RF Transmitter Fingerprinting Exploiting Spatio-Temporal Properties in Raw Signal Data

Abstract

The recent advances of wireless technologies in RF environments coupled with large scale usage of such technologies has warranted more autonomous deployments of wireless systems. Machine learning techniques, that include recurrent structures, have shown promise in creating such autonomous deployments using the idea of Radio Frequency Machine Learning (RFML). In large scale autonomous deployments of wireless communication networks, the signals received from one component play a crucial role in the decision making process of other components. In order to efficiently implement such systems each component of the network should be uniquely identifiable. In this paper we propose a transmitter fingerprinting technique for radio device identification using recurrent structures, by exploiting the temporal property of the received radio signal.
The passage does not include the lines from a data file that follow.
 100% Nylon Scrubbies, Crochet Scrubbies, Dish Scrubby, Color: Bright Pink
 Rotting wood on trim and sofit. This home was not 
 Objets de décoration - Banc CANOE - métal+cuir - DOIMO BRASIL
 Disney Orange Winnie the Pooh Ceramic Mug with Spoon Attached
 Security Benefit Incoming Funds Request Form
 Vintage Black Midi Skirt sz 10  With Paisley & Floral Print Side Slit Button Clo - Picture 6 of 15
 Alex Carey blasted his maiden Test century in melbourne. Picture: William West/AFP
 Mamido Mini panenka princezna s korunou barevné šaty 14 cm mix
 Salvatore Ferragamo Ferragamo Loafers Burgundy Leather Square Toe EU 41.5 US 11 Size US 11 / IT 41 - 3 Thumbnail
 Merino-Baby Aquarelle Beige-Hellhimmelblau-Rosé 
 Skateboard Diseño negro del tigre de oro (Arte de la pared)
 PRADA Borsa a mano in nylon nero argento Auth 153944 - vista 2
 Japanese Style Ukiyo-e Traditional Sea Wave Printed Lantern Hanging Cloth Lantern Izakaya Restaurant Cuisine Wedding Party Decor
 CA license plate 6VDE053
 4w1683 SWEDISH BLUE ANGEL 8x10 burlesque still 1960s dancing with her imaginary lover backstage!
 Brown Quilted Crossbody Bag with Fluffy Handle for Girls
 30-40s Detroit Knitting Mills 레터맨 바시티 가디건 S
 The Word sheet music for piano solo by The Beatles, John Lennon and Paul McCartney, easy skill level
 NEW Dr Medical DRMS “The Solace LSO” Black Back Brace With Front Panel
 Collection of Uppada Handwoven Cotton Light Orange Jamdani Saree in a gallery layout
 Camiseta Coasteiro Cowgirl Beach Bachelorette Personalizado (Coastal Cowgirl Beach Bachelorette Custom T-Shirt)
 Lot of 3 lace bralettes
We design and implement three recurrent neural networks (RNNs) using different types of cell models: (i) long short term memory (LSTM); (ii) gated recurrent unit (GRU) and (iii) convolutional long short term memory (ConvLSTM), for this task. We program 8 universal software radio peripheral (USRP) software defined radios (SDRs) as transmitters and collect over-the-air raw in-phase (I) and quadrature (Q) (I/Q) time series data from them using a DVB-T RTL-SDR receiver, in a laboratory setting. We exploit both the temporal variations as well as the inherent spatial dependencies in the collected I/Q time series data, to learn unique feature representations and use these as "fingerprints'" for identifying the transmitters. Experimental results reveal that the RNNs with LSTM, GRU, and ConvLSTM cells are able to correctly distinguish between the 8 transmitters with 92%, 95.3%, 97.2% accuracy respectively.